The Office of the U.S. Trade Representative is soliciting comments at regulations.gov, docket number USTR-2019-0012, on tariff and non-tariff barriers in 61 countries, the European Union and the countries of the Arab League (some of which are included in the list that follows). The topics stakeholders can comment on are wide-ranging -- from tariffs, customs practices, and sanitary and phytosanitary measures not based on science, to subsidies, intellectual property enforcement, data localization, discriminatory licensing or regulatory actions and investment restrictions. They also asked about Buy America-equivalent policies in other markets. The countries under review for the annual trade barriers report are: Algeria, Angola, Argentina, Australia, Bahrain, Bangladesh, Bolivia, Brazil, Brunei, Burma, Cambodia, Canada, Chile, China, Colombia, Costa Rica, Cote d’Ivoire, Dominican Republic, Ecuador, Egypt, El Salvador, Ethiopia, Ghana, Guatemala, Honduras, Hong Kong, India, Indonesia, Israel, Japan, Jordan, Kenya, Korea, Kuwait, Laos, Malaysia, Mexico, Morocco, New Zealand, Nicaragua, Nigeria, Norway, Oman, Pakistan, Panama, Paraguay, Peru, the Philippines, Qatar, Russia, Saudi Arabia, Singapore, South Africa, Switzerland, Taiwan, Thailand, Tunisia, Turkey, United Arab Emirates, Ukraine and Vietnam. Comments are due by midnight Oct. 31.
The Eurasian Economic Union Commission completed its customs code harmonization to improve customs clearance time, “service portals,” rules relating to restricted goods, countries of origin and more, according to an Aug. 22 report from the Hong Kong Trade Development Council. The move is expected to “clear up the discrepancies and inconsistencies” related to several areas of customs and trade between the Eurasian Economic Union’s member countries: Russia, Armenia, Belarus, Kazakhstan and Kyrgyzstan. The move will standardize the average customs clearance time to four hours, define required procedures for establishing exact customs values, list a series of banned goods and more, the report said.

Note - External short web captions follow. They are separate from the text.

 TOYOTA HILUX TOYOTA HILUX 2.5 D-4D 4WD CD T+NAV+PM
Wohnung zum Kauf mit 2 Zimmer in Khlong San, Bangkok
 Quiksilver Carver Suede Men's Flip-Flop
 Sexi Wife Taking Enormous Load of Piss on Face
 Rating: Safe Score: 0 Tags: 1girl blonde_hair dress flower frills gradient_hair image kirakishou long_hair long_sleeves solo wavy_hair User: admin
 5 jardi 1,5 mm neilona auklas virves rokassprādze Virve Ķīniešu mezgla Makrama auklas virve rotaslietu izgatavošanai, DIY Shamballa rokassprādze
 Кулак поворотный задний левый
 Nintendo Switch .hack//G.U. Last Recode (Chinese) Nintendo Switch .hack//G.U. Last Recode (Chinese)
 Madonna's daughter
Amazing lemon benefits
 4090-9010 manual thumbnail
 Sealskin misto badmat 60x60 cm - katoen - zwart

The United Kingdom's Office of Financial Sanctions Implementation on Aug. 21 updated its guidance on the country’s current financial sanctions targets. The guidance includes a list of the country’s asset freeze targets, a guide explaining availability in four different formats of its list of financial sanctions targets, and a list of people subject to sanctions and other restrictive measures due to Russia’s actions in Ukraine.

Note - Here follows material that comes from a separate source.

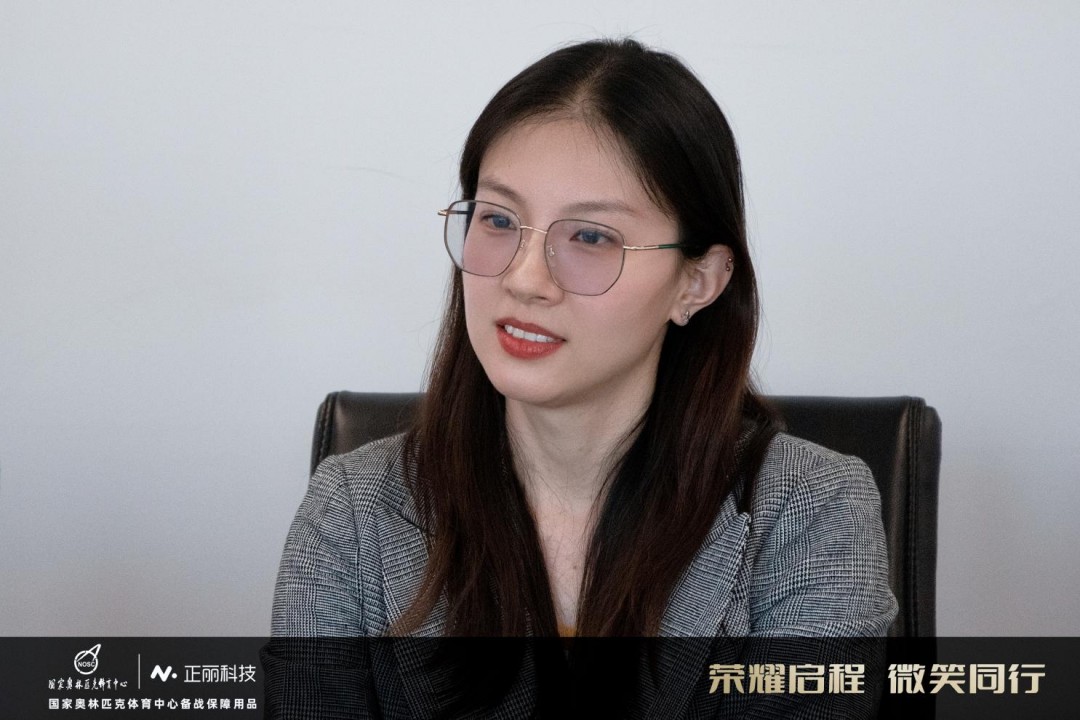 　　北京奥林匹克经济技术开发有限公司副总经理王凌雪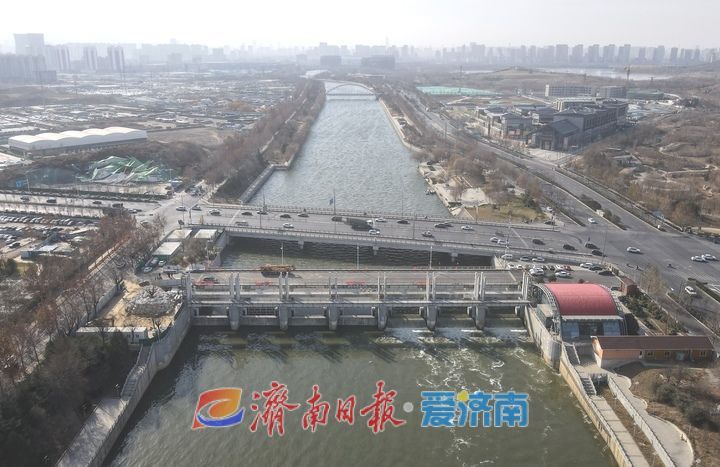 济南小清河洪园节制闸将启动修缮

Mexico recently issued regulations formalizing import restrictions put in place in 2018 meant to protect against the introduction of African swine fever, according to a press release from the Mexican Secretariat of Agriculture and Rural Development (SADER). Published on Aug. 15, the new regulations keep in place measures set in 2018 that prohibit the importation of pigs, pork, semen and embryos, as well as containers and vehicles used to transport these animals and animal products.